▸ **MATERIAL PROVIDED**
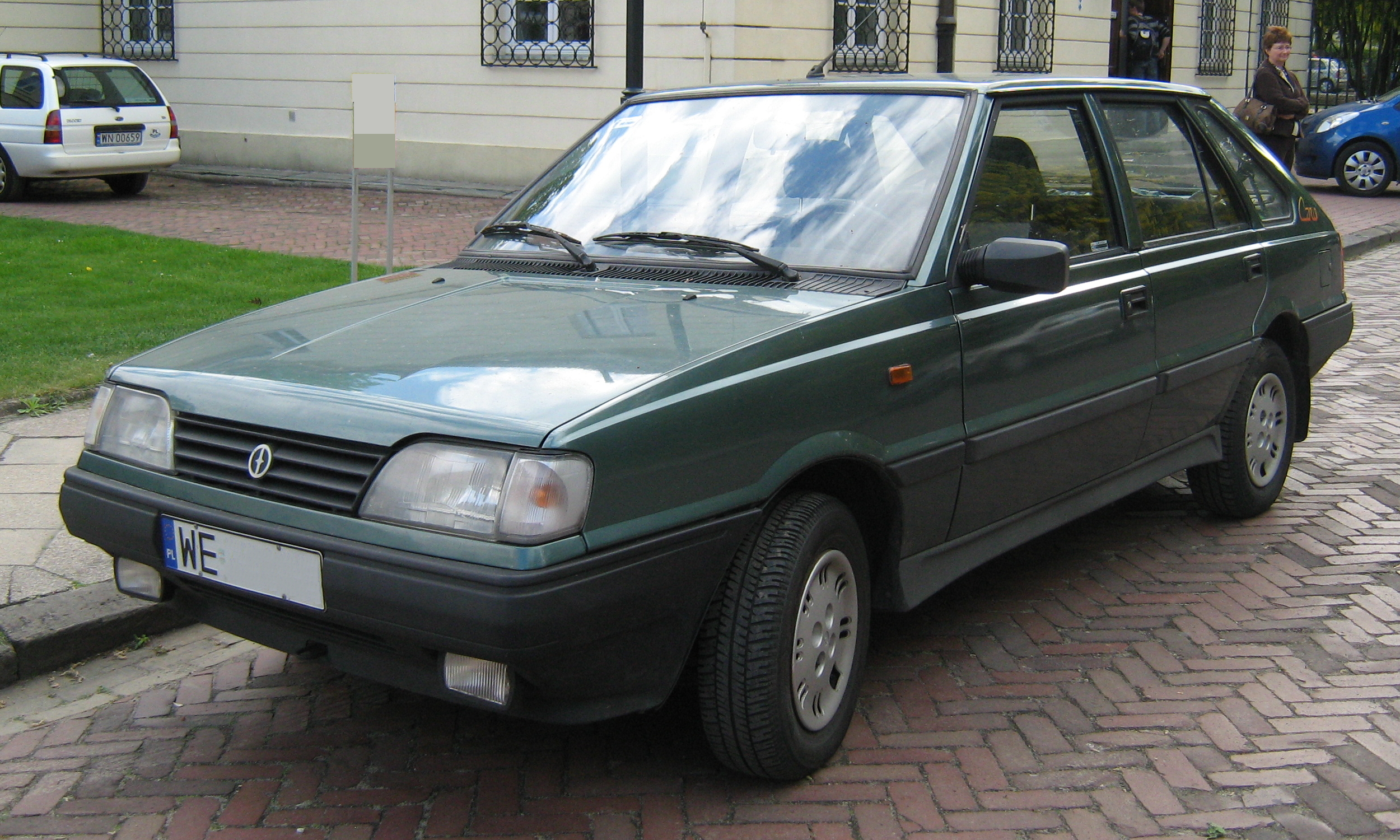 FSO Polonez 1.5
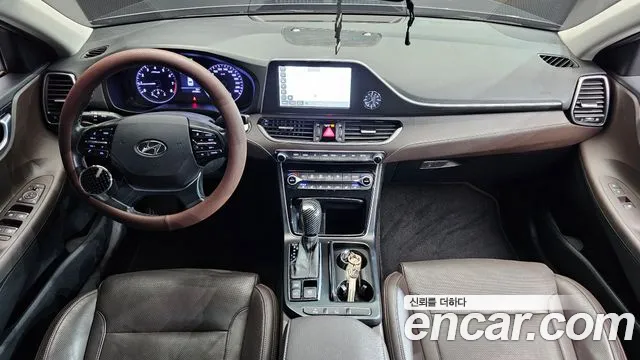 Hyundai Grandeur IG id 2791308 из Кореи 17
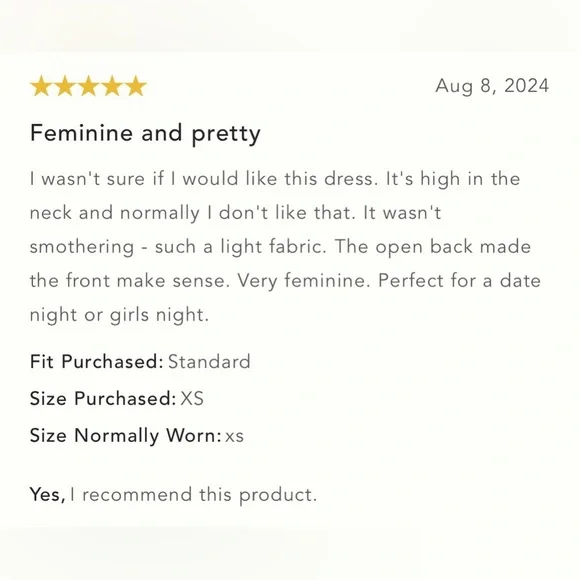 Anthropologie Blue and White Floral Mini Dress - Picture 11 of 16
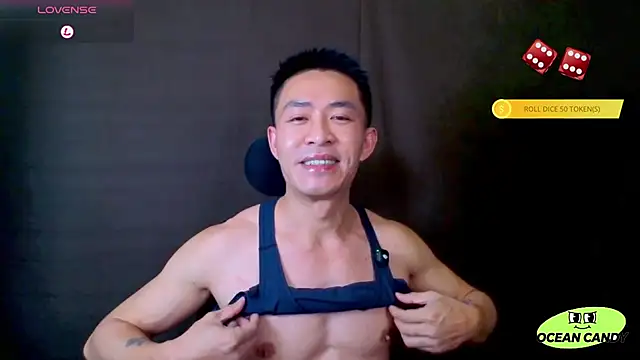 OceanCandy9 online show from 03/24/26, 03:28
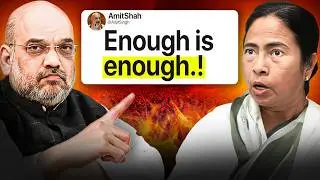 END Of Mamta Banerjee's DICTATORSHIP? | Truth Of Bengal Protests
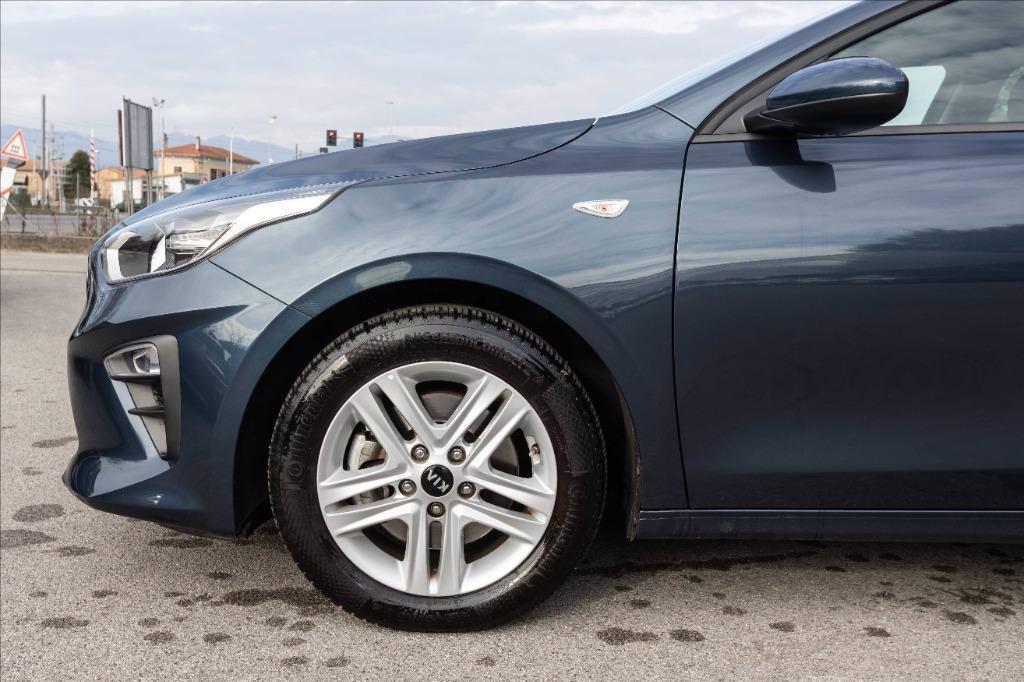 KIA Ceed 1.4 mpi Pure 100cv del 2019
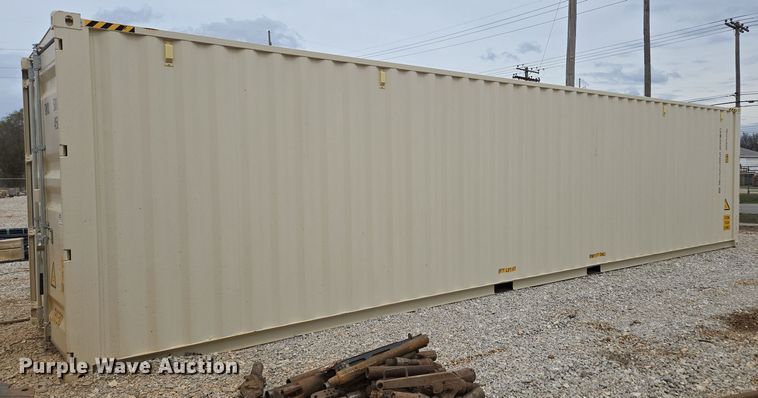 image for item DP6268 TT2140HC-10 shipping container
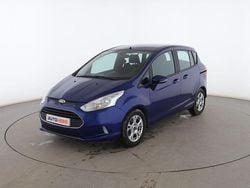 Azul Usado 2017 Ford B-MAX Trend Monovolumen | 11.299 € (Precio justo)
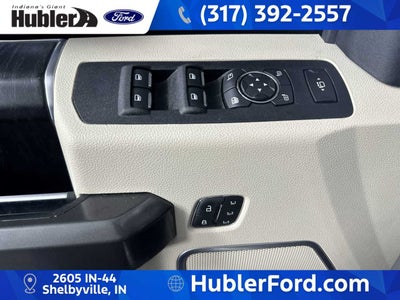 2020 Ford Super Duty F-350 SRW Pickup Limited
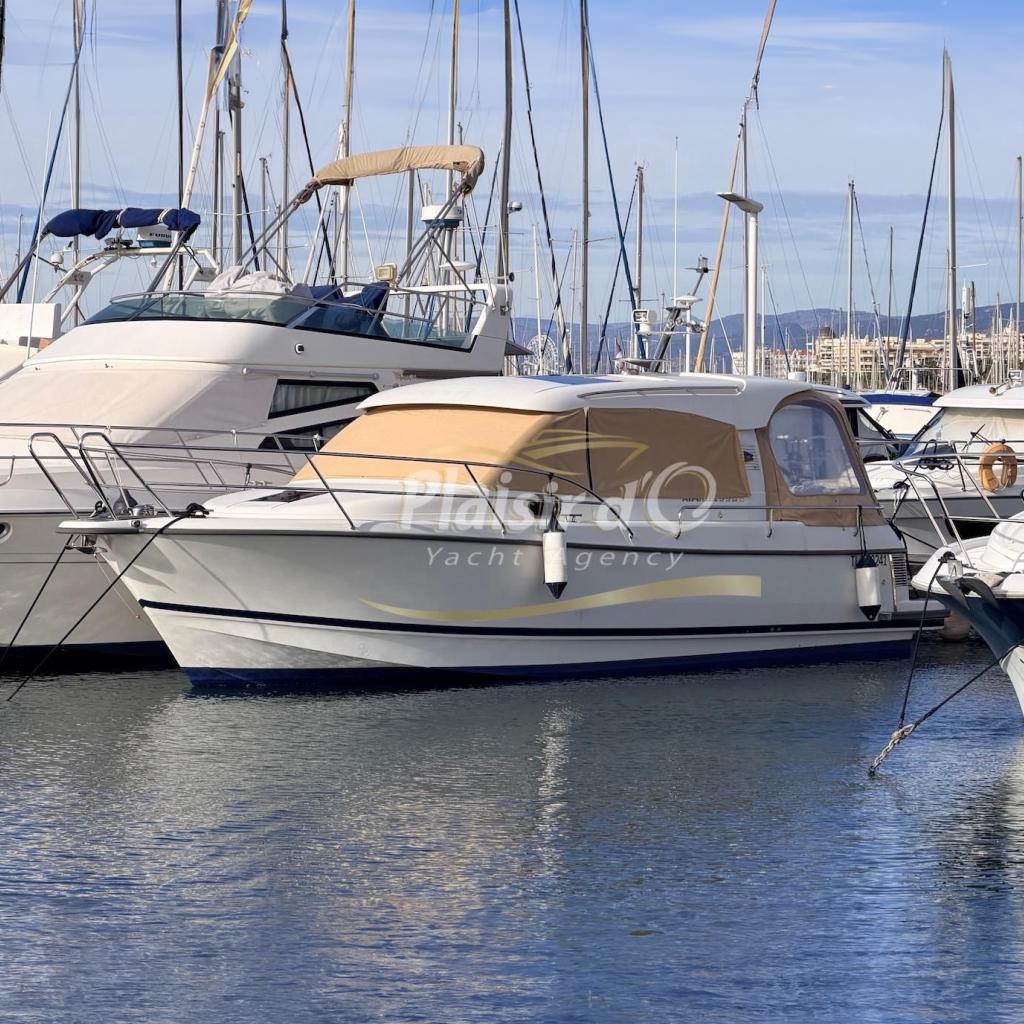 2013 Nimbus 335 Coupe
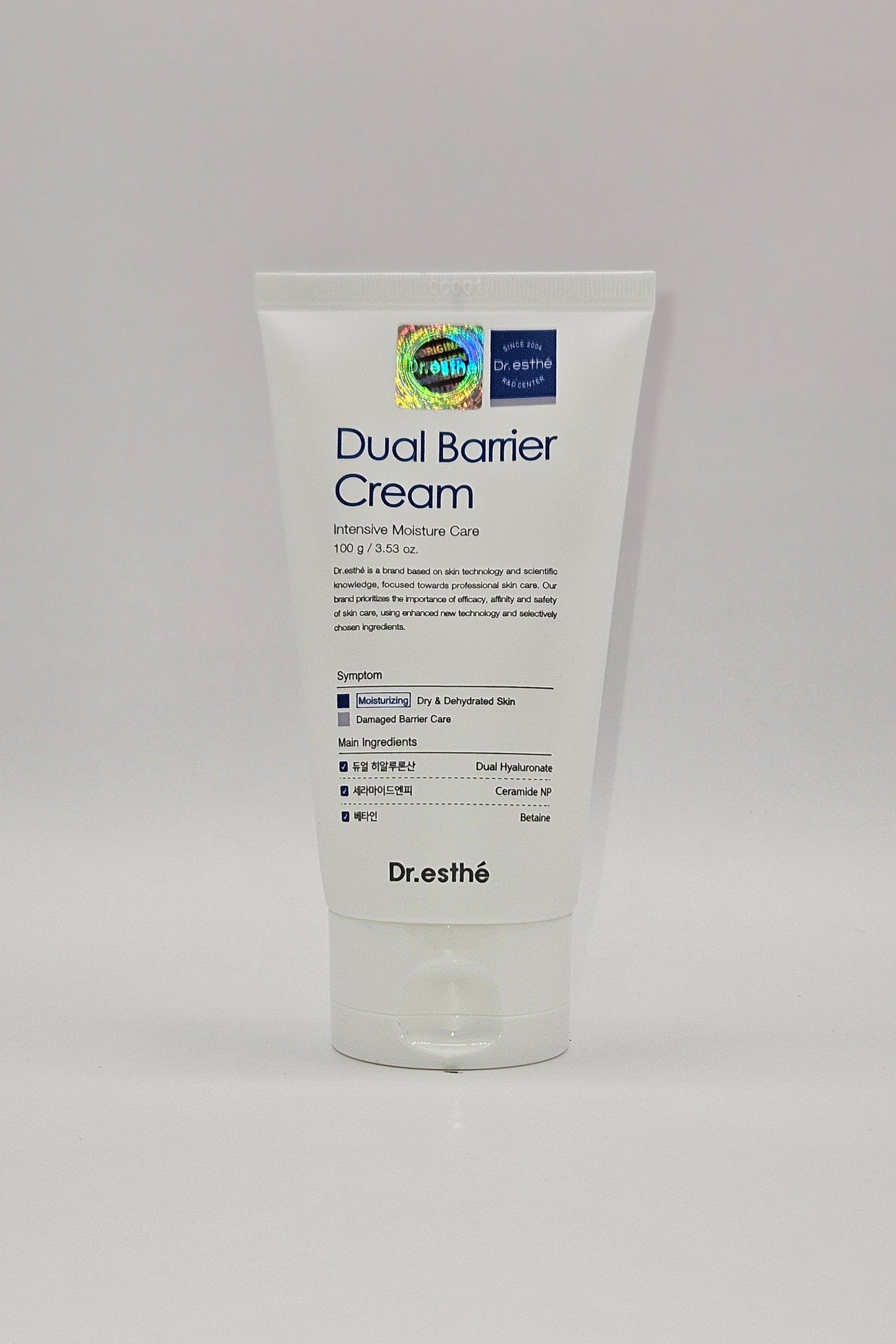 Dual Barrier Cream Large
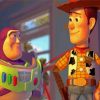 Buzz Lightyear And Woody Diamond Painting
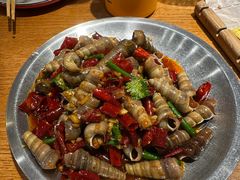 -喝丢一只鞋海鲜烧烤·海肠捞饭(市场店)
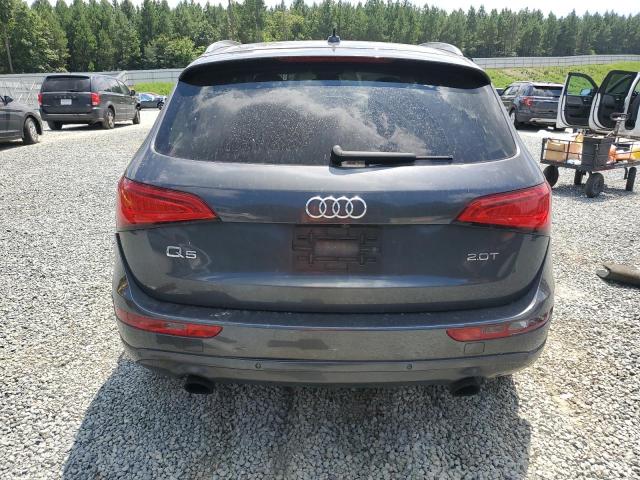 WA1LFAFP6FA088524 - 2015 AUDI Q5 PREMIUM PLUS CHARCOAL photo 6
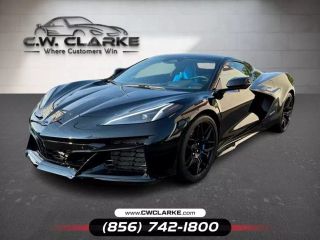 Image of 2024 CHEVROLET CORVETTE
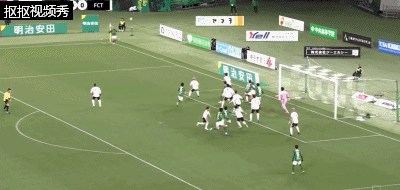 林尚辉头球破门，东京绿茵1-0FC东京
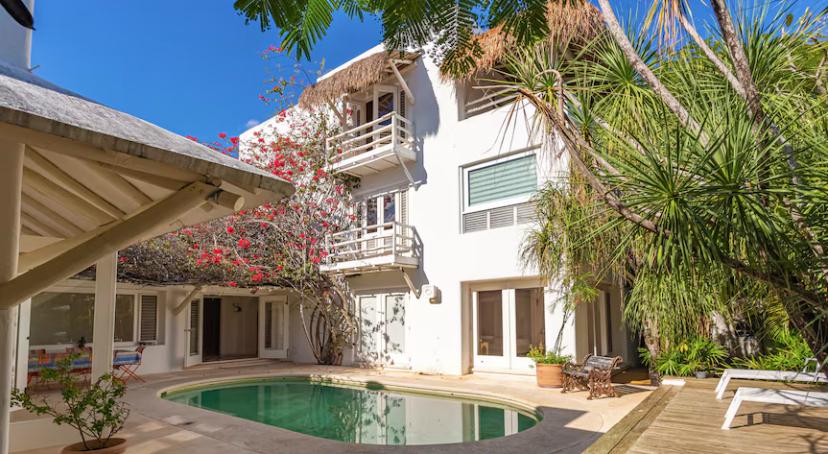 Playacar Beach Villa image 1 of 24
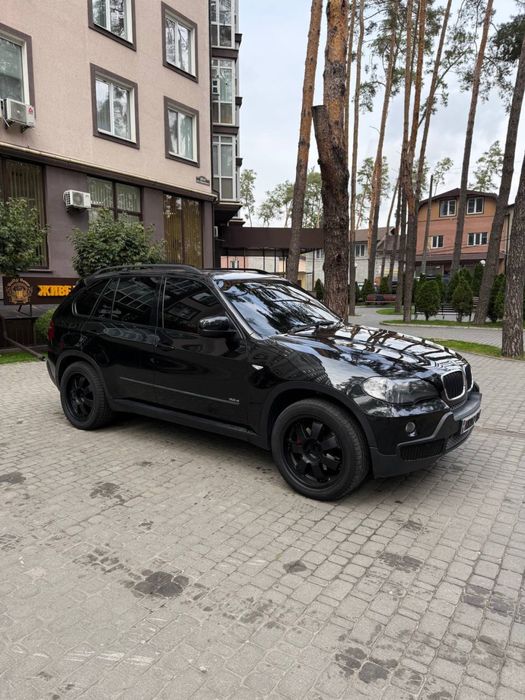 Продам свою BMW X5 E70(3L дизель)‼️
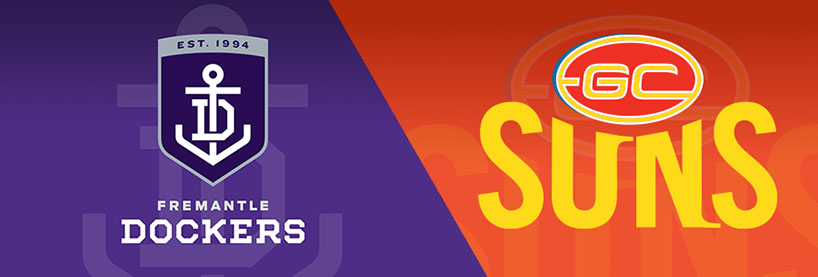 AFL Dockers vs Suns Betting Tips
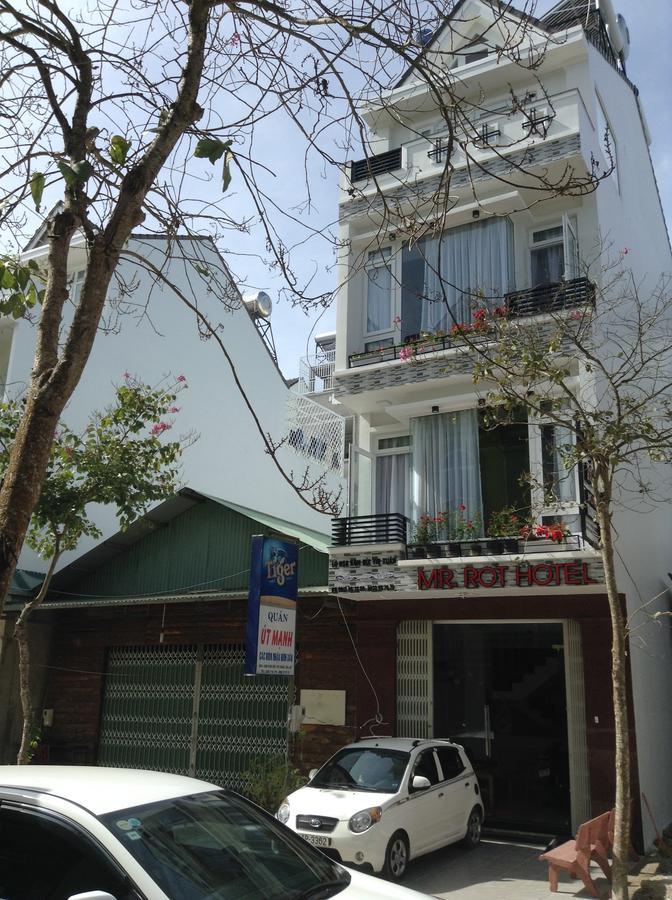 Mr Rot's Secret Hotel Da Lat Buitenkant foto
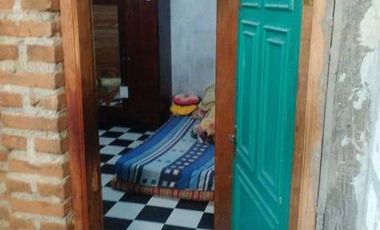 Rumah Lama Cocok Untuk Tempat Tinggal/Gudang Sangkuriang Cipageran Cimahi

▸ **WORK TASK**
Leaving out the pictures, restate each line of the listing above verbatim, from the opening line to the line bearing "AFL Dockers vs Suns Betting Tips", inclusive, and no more.

▸ **ANSWER**
 FSO Polonez 1.5
 Hyundai Grandeur IG id 2791308 из Кореи 17
 Anthropologie Blue and White Floral Mini Dress - Picture 11 of 16
 OceanCandy9 online show from 03/24/26, 03:28
 END Of Mamta Banerjee's DICTATORSHIP? | Truth Of Bengal Protests
 KIA Ceed 1.4 mpi Pure 100cv del 2019
 image for item DP6268 TT2140HC-10 shipping container
 Azul Usado 2017 Ford B-MAX Trend Monovolumen | 11.299 € (Precio justo)
 2020 Ford Super Duty F-350 SRW Pickup Limited
 2013 Nimbus 335 Coupe
 Dual Barrier Cream Large
 Buzz Lightyear And Woody Diamond Painting
 -喝丢一只鞋海鲜烧烤·海肠捞饭(市场店)
 WA1LFAFP6FA088524 - 2015 AUDI Q5 PREMIUM PLUS CHARCOAL photo 6
 Image of 2024 CHEVROLET CORVETTE
 林尚辉头球破门，东京绿茵1-0FC东京
 Playacar Beach Villa image 1 of 24
 Продам свою BMW X5 E70(3L дизель)‼️
 AFL Dockers vs Suns Betting Tips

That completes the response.